» Task instructions
Print the lines below from the line with "COD✨ 50 Pcs" to the line with "Collier con zircone" exactly, keeping both ends, and print no pictures.

» Material to process
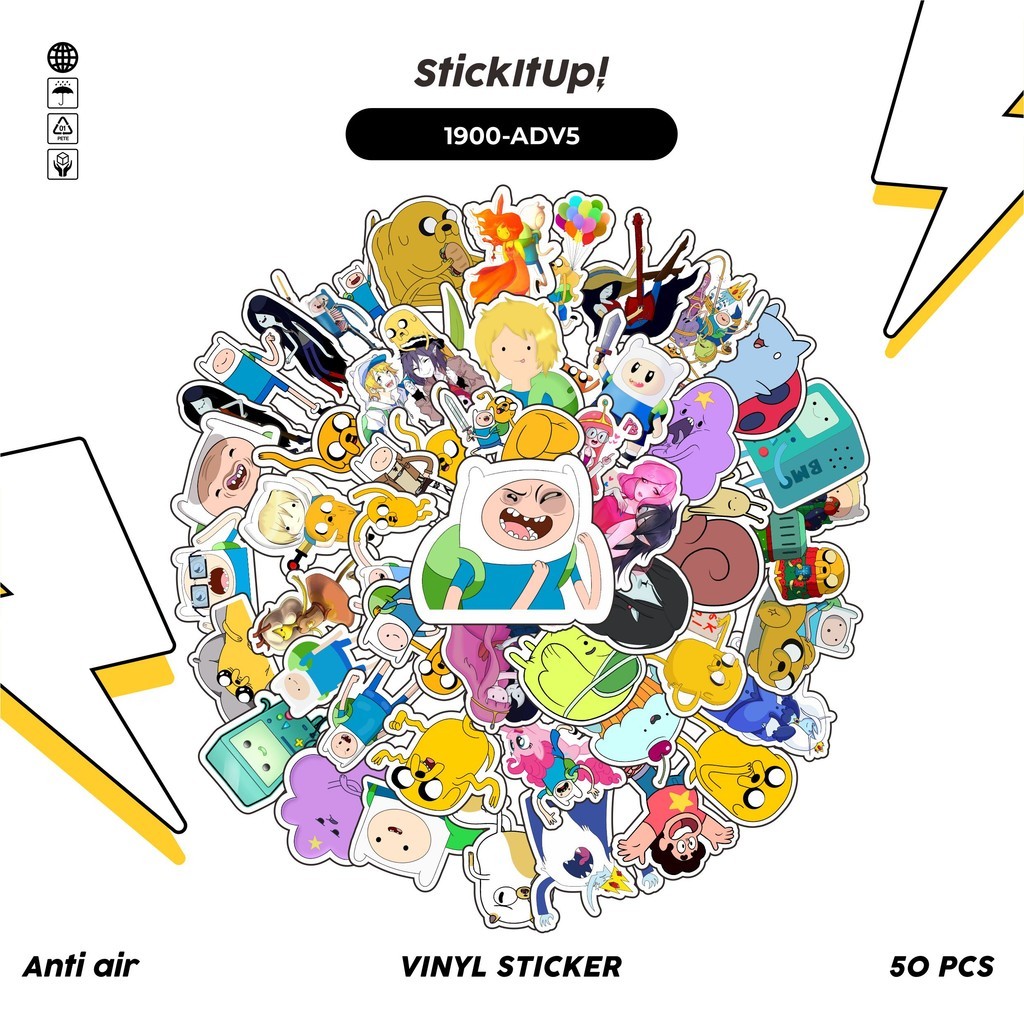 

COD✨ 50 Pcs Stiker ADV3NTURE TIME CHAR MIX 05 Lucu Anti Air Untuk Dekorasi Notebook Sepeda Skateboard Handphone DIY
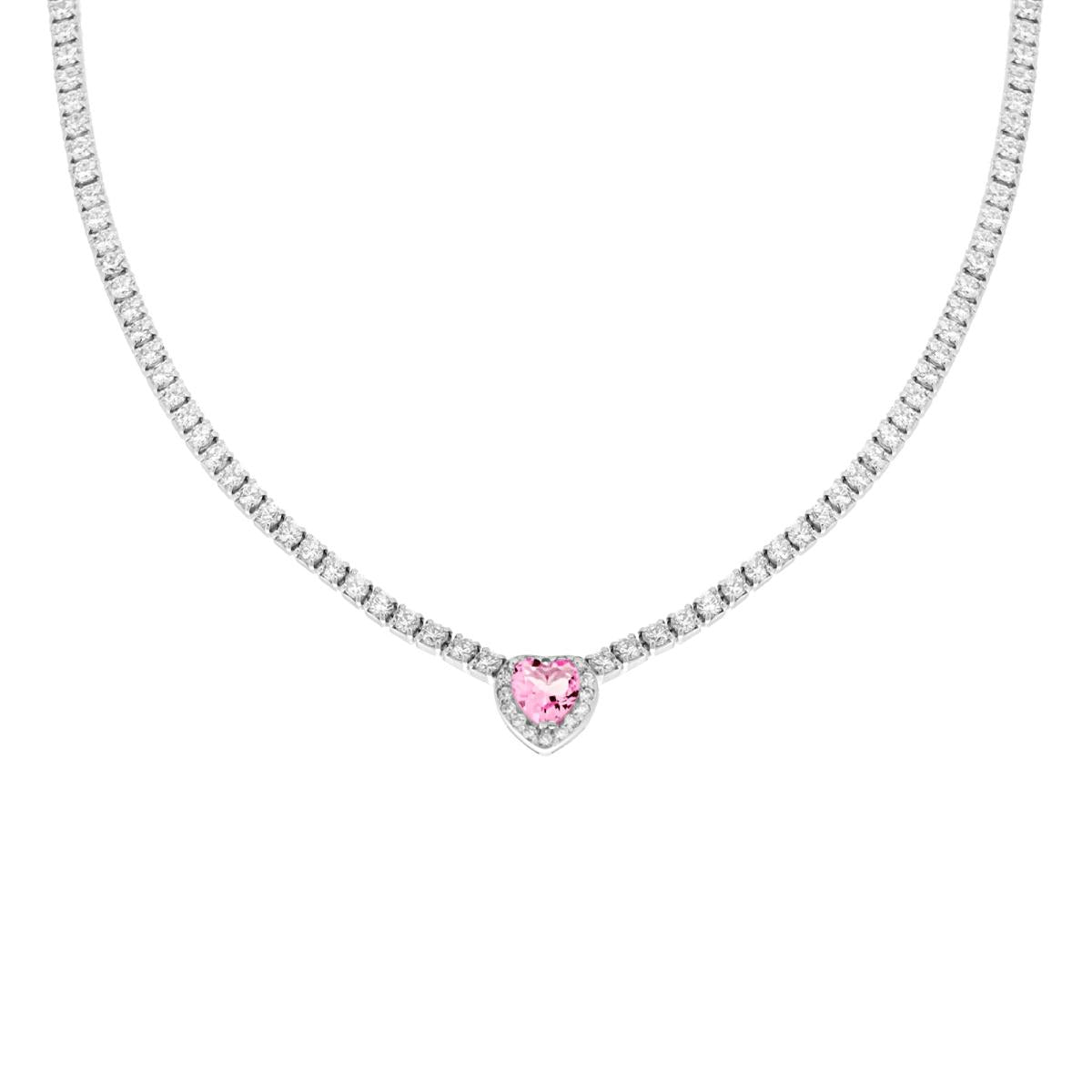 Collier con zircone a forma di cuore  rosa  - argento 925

* * *

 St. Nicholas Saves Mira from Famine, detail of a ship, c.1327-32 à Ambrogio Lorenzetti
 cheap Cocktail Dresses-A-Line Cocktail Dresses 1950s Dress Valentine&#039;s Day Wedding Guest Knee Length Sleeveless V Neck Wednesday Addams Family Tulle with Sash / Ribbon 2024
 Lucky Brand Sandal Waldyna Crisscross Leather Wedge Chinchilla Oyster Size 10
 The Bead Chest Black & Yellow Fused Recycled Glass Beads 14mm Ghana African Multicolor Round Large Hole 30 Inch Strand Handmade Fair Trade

» Exercise response
COD✨ 50 Pcs Stiker ADV3NTURE TIME CHAR MIX 05 Lucu Anti Air Untuk Dekorasi Notebook Sepeda Skateboard Handphone DIY
 Collier con zircone a forma di cuore  rosa  - argento 925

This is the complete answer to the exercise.